The parentheses surrounding the last part of the nat rule ($ext_if) serve to compensate for the possibility that the IP address of the external interface may be dynamically assigned. This detail will ensure that your network traffic runs without serious interruptions even if the external IP address changes.

On the other hand, this rule set probably allows more traffic than what you actually want to pass out of your network. In one network where I have done a fair bit of work over the years, the equivalent macro is

client_out = "{ ftp-data, ftp, ssh, domain, pop3, auth, nntp, http,\
                https, 446, cvspserver, 2628, 5999, 8000, 8080 }"

with the rule

pass inet proto tcp from $localnet to port $client_out

This may be a somewhat peculiar selection of ports, but it's exactly what the users in that network need. Some of the numbered ports were needed for specific applications. Your needs probably differ in some specifics, but this should cover at least some of the more useful services.

In addition, we have a few other pass rules. We will be returning to some of the more interesting ones rather soon. One pass rule which is useful to those of us who want the ability to administer our machines from elsewhere is

pass in inet proto tcp to port ssh

or for that matter

pass in inet proto tcp to $ext_if port ssh

whichever you like. Lastly we need to make the name service and time keeping work for our clients

udp_services = "{ domain, ntp }"

supplemented with a rule which passes the traffic we want through our firewall:

pass quick inet proto { tcp, udp } to port $udp_services keep state

Note the quick keyword in this rule. We have started writing rule sets which consist of several rules, and it is time to take a look at the relationships between the rules in a rule set. The rules are evaluated from top to bottom, in the sequence they are written in the configuration file. For each packet or connection evaluated by PF, the last matching rule in the rule set is the one which is applied. The quick keyword offers an escape from the ordinary sequence. When a packet matches a quick rule, the packet is treated according to the present rule. The rule processing stops without considering any further rules which might have matched the packet. Quite handy when you need a few isolated exceptions to your general rules.

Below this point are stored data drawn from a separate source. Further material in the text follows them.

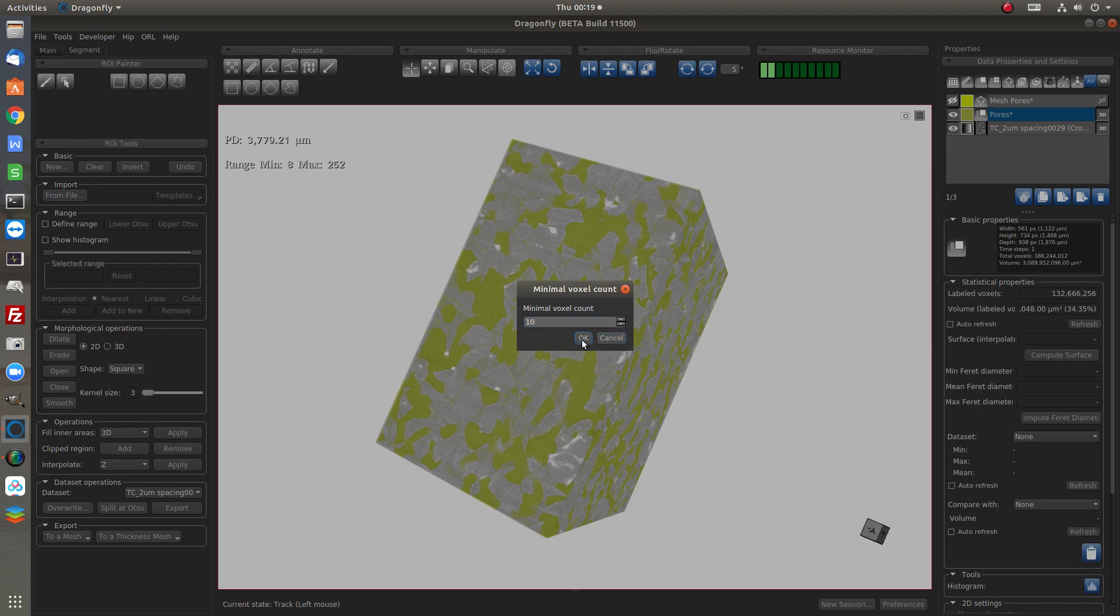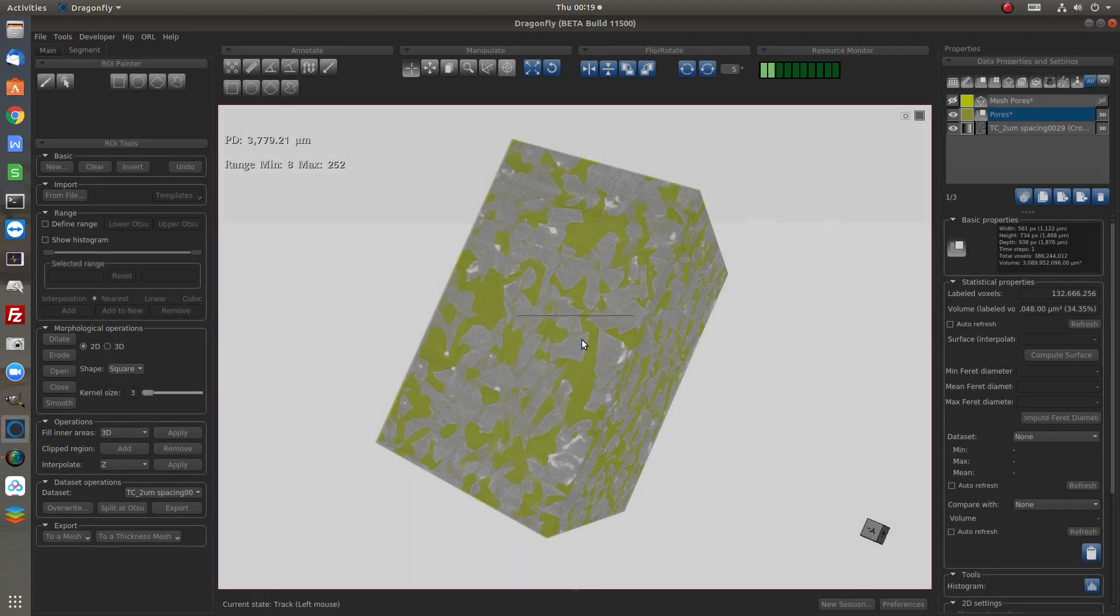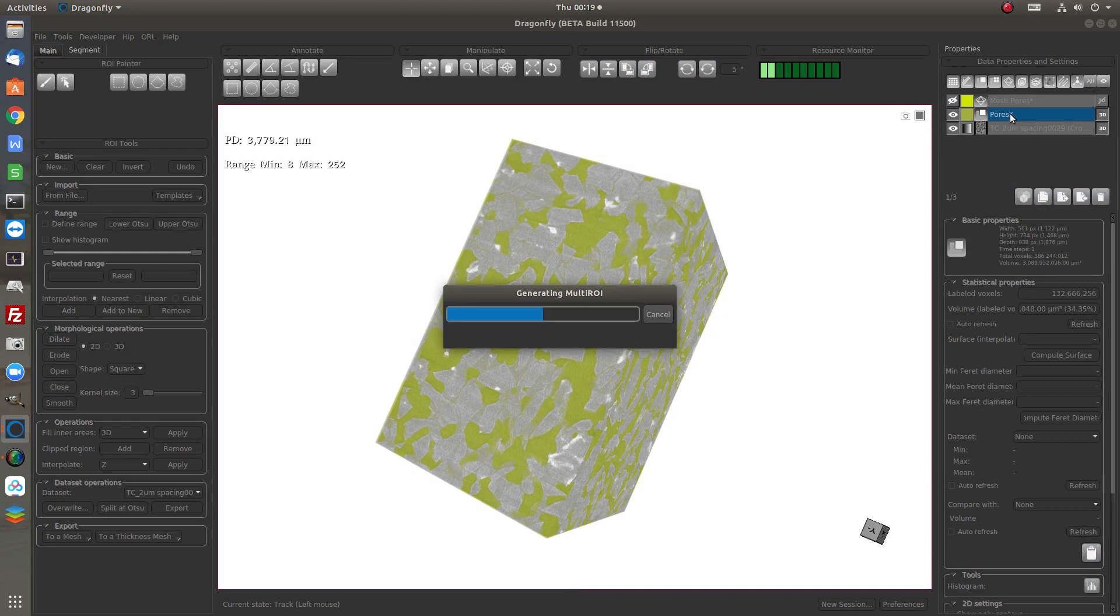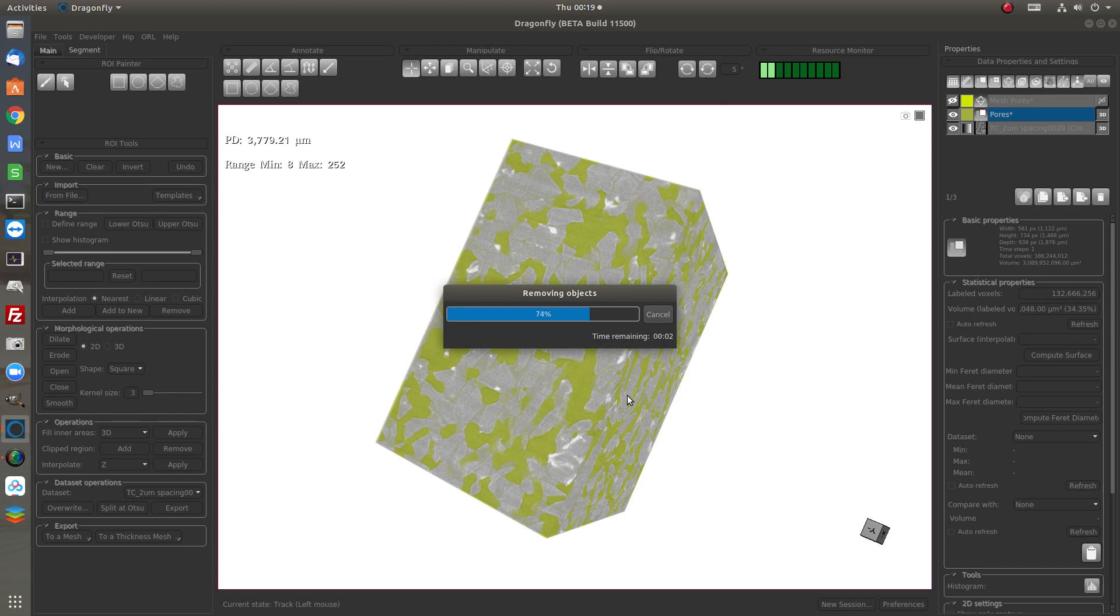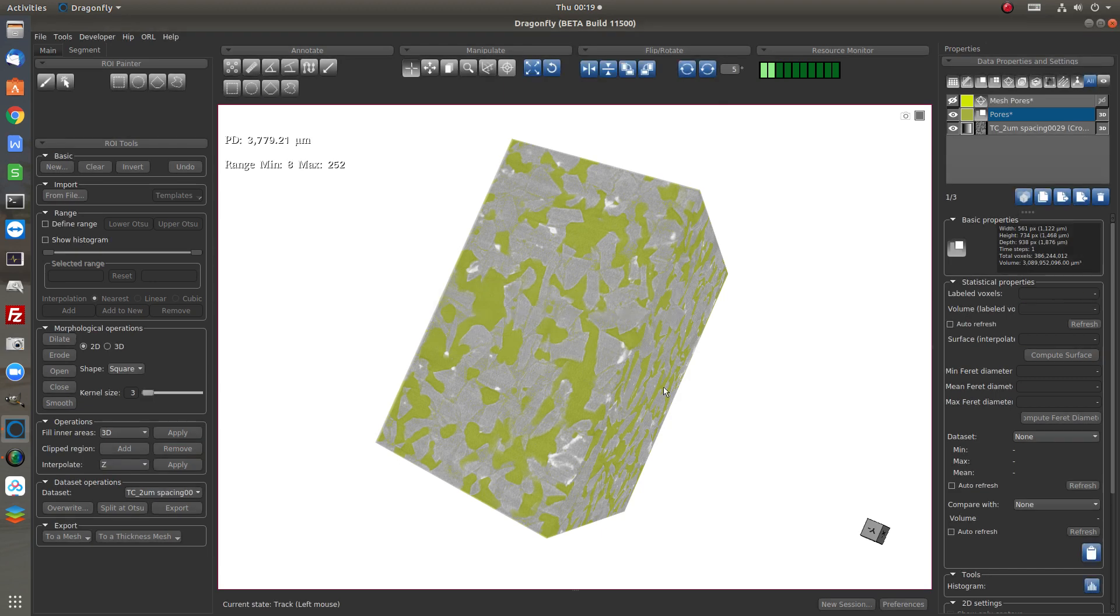So we could do this to refine the ROI before we create the mesh. Then we can remove all the very tiny pores if we want.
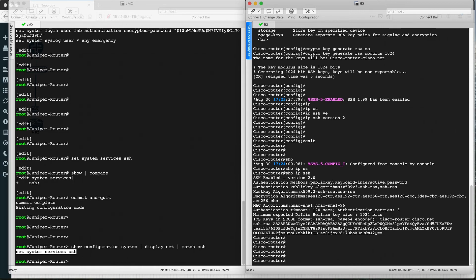So this is how we configure hostname, SSH, and users on both Juniper and Cisco routers. In the next video, we will see how to configure interfaces on both Juniper and Cisco routers and what are the differences in their command line interfaces. Keep watching Packet Rift for more. Thank you.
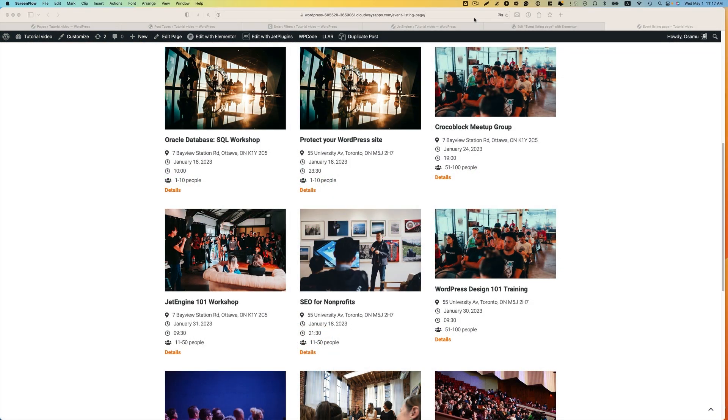Hey everyone, this is Osomokabayashi, and welcome back to the CrocBlock channel. In this video, I'll show you how to create a select filter with manual input data source based on the select meta field type using the JET smart filters. Let me show you quickly what you can achieve here.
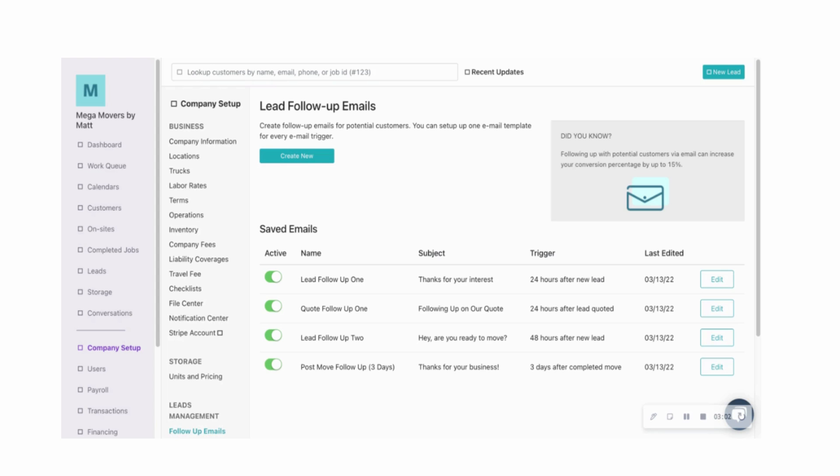To set up a free demo with us, just go to OnCue.co and click on the Contact Us tab.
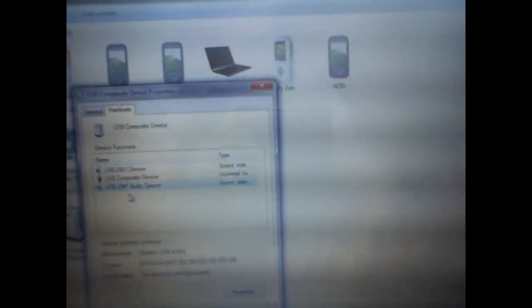USB EMP audio device. The other two were fine. So I'll just go on this. Click on properties. Change settings. Driver. Update driver.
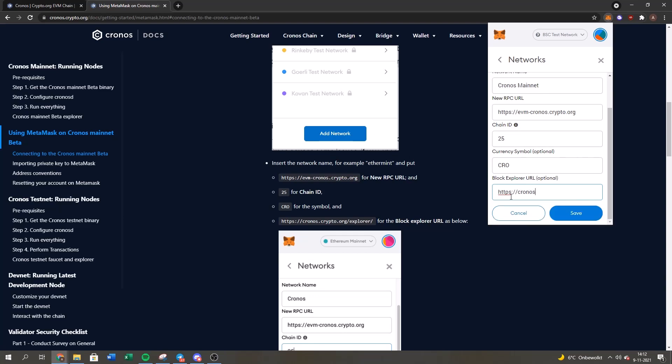It's all basically the same, it's not that hard, super simple. If you've set up Binance Smart Chain, it's the same process, so it isn't that hard at all.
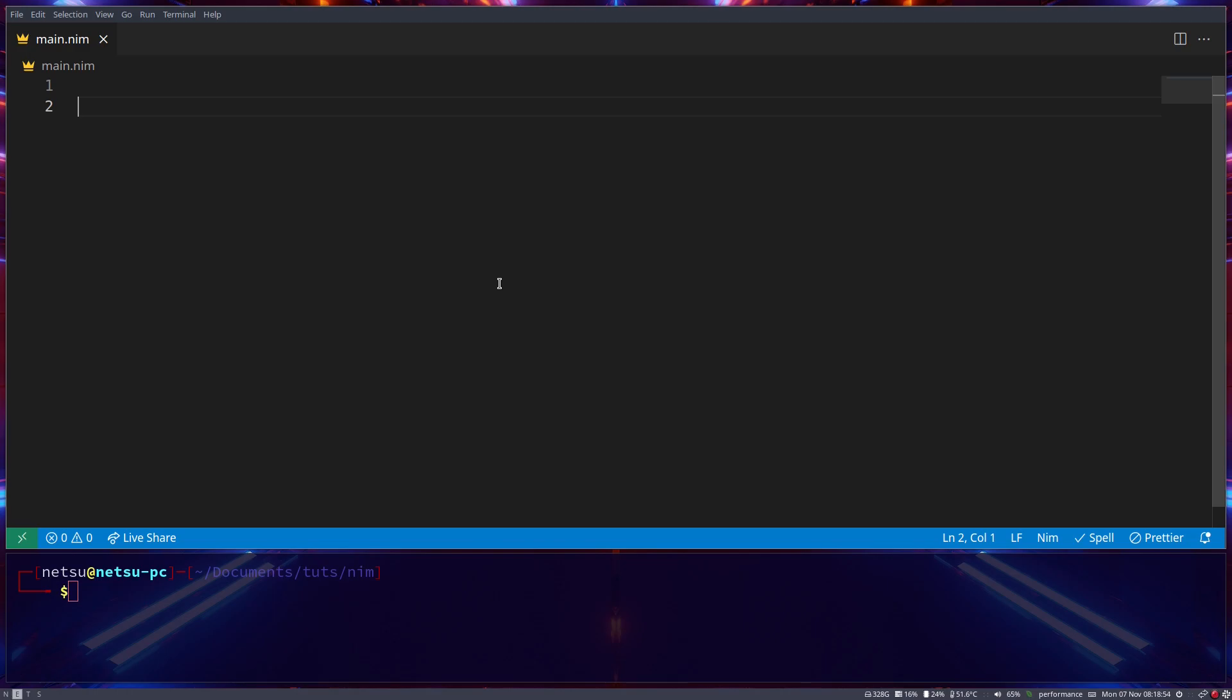And hello everyone, welcome to another Nim tutorial. So in this tutorial we'll be taking a look at strings in Nim. So let's get started.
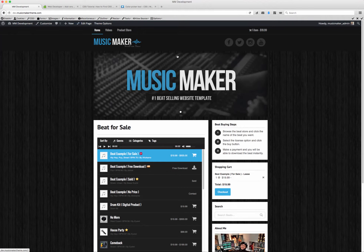I want to do a tutorial on how to find certain elements in the Music Maker theme for CSS to change certain things. I'm always getting emails of people asking me how to change a color or something, how to hide something, and I wanted to show you guys what you could do to try to find it on your own.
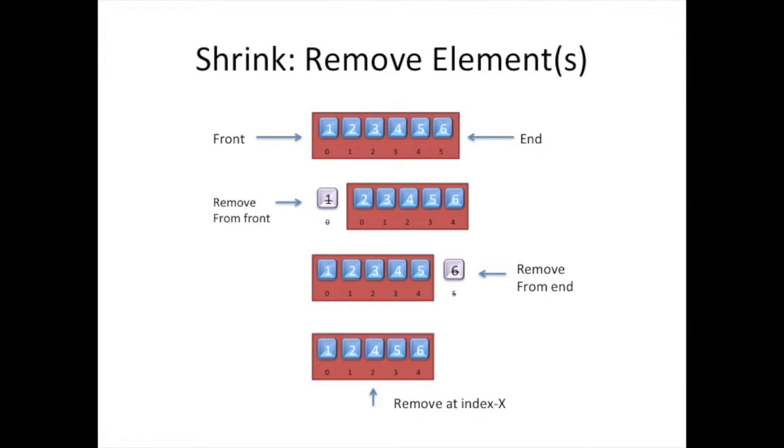Similarly, when we talk about shrinking that array or removing elements, there are only three places we can take an element or some elements from. We can either take off one or more elements from the beginning, one or more elements from the end, or one or more elements from the middle of the array. Again, feel free to pause and study this diagram.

It is worth noting that we used one rule for both the domain name service (domain and time synchronization (ntp). The most important reason for this is that both protocols under certain circumstances communicate alternately over TCP and UDP.



For dialup users who conventionally use some variant of PPP for their Internet connections, the external interface is the tun0 pseudo-device. Broadband users such as ADSL subscribers tend to have an Ethernet interface to play with, however for a significant subset of ADSL users, specifically those using PPP over Ethernet (PPPoE), the correct external interface will be the tun0 pseudo-device, not the physical Ethernet interface.